The H-subunit of the restriction endonuclease CglI contains a prototype DEAD-Z1 helicase-like motor.

Author information

1
Institute of Biotechnology, Life Sciences Center, Vilnius University, Sauletekio al. 7, LT-10257 Vilnius, Lithuania.
2
DNA-Protein Interactions Unit, School of Biochemistry, Biomedical Sciences Building, University of Bristol, Bristol BS8 1TD, UK.

Abstract

CglI is a restriction endonuclease from Corynebacterium glutamicum that forms a complex between: two R-subunits that have site specific-recognition and nuclease domains; and two H-subunits, with Superfamily 2 helicase-like DEAD domains, and uncharacterized Z1 and C-terminal domains. ATP hydrolysis by the H-subunits catalyses dsDNA translocation that is necessary for long-range movement along DNA that activates nuclease activity. Here, we provide biochemical and molecular modelling evidence that shows that Z1 has a fold distantly-related to RecA, and that the DEAD-Z1 domains together form an ATP binding interface and are the prototype of a previously undescribed monomeric helicase-like motor.

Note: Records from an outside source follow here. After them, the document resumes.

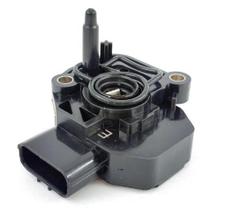 Sensor map hibrido tps fan/titan 160 2016-2022 embus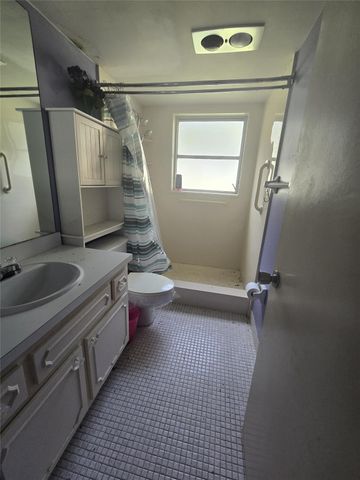 2940 N Course Dr 112, Pompano Beach, FL 33069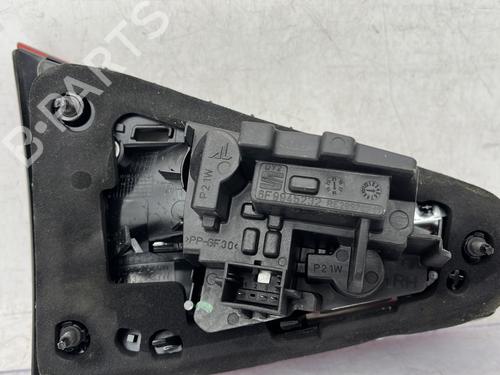 Right tailgate light SEAT ARONA (KJ7, KJP) 1.0 TSI | BP31997890C80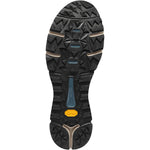Load image into Gallery viewer, Women's Trail 2650 3"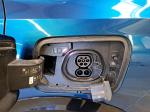 peugeot-e-3008-2024-eletrico-0cc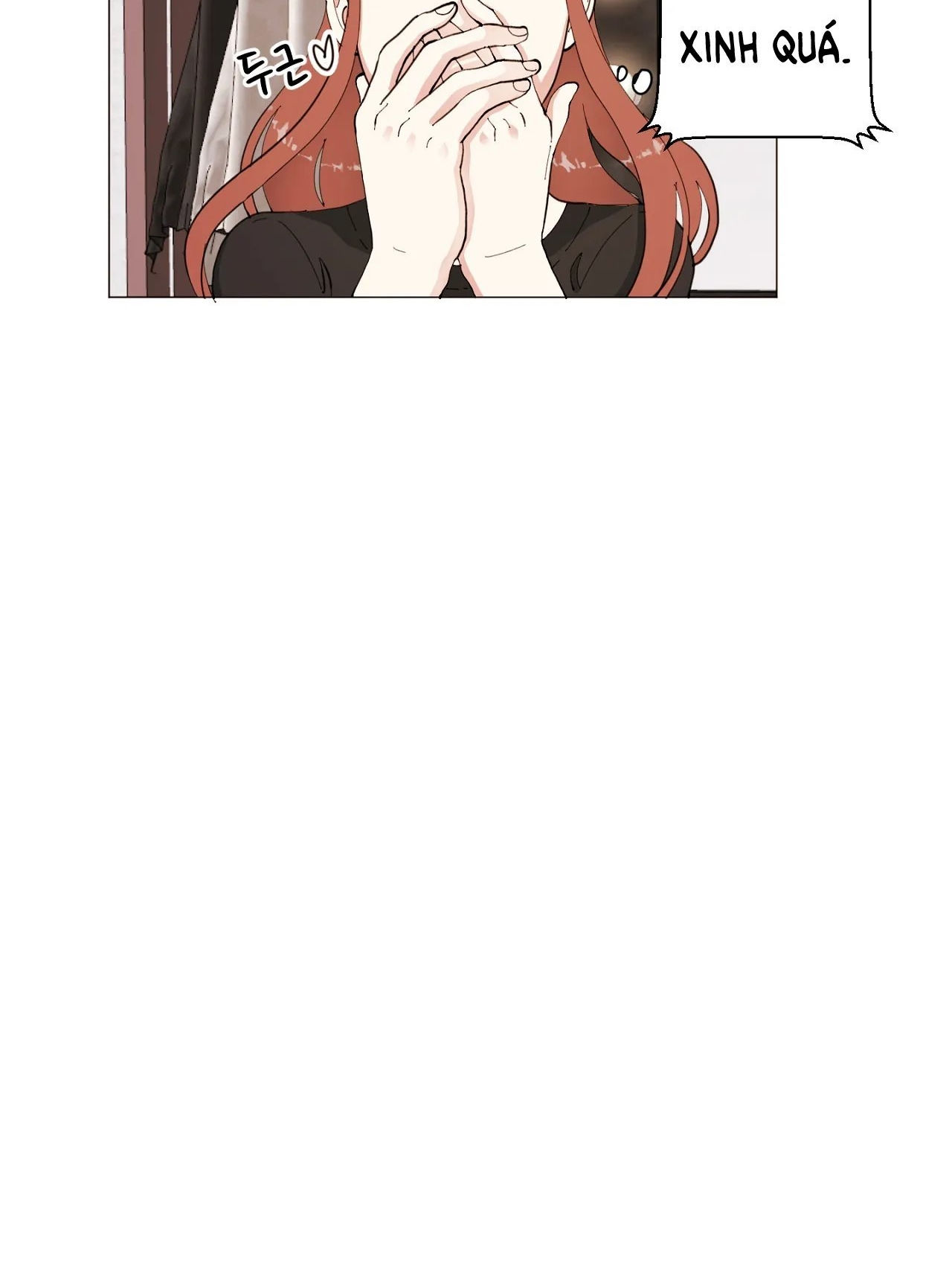 maybe - biết đâu chúng ta cũng chapter 3.2 7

The DEAD-Z1 motor has unusual Walker A and Motif VI sequences those nonetheless have their expected functions. Additionally, it contains DEAD-Z1-specific features: an H/H motif and a loop (aa 163-aa 172), that both play a role in the coupling of ATP hydrolysis to DNA cleavage. We also solved the crystal structure of the C-terminal domain which has a unique fold, and demonstrate that the Z1-C domains are the principal DNA binding interface of the H-subunit. Finally, we use small angle X-ray scattering to provide a model for how the H-subunit domains are arranged in a dimeric complex.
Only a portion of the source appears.